─── Records supplied ───

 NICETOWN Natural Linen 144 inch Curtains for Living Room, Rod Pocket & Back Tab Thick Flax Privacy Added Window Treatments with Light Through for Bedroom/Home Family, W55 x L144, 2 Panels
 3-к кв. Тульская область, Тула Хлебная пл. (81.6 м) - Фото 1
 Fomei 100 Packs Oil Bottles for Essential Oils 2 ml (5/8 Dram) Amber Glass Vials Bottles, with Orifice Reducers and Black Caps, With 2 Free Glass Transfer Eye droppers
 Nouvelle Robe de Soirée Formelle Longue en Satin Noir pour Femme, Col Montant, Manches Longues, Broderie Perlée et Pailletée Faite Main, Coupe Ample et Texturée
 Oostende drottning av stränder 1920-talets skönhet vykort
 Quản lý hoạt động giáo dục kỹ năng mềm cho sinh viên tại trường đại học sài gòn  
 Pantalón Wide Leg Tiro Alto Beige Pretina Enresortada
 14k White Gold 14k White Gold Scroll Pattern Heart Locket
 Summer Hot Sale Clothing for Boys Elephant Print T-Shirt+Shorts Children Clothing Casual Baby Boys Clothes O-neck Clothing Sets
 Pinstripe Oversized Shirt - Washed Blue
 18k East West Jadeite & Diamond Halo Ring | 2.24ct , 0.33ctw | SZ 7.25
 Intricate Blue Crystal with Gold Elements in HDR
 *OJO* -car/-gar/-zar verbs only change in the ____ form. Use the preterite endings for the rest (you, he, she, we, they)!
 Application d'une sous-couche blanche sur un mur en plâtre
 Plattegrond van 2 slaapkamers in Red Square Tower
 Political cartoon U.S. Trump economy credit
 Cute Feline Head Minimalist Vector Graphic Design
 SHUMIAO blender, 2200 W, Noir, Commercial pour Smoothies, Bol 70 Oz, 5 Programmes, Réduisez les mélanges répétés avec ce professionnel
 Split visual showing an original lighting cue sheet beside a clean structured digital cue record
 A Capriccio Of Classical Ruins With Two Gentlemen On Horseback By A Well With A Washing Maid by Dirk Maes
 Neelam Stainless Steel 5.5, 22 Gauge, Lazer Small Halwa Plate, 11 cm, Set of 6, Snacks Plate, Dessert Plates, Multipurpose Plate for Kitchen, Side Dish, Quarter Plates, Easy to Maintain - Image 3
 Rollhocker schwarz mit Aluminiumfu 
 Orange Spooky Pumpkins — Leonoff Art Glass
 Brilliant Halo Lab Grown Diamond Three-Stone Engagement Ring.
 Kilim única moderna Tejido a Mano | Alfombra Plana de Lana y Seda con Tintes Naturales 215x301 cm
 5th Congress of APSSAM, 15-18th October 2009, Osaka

───

About this task
Show a copy of each line from the data that includes the word "Halo".

Answer space
 18k East West Jadeite & Diamond Halo Ring | 2.24ct , 0.33ctw | SZ 7.25
 Brilliant Halo Lab Grown Diamond Three-Stone Engagement Ring.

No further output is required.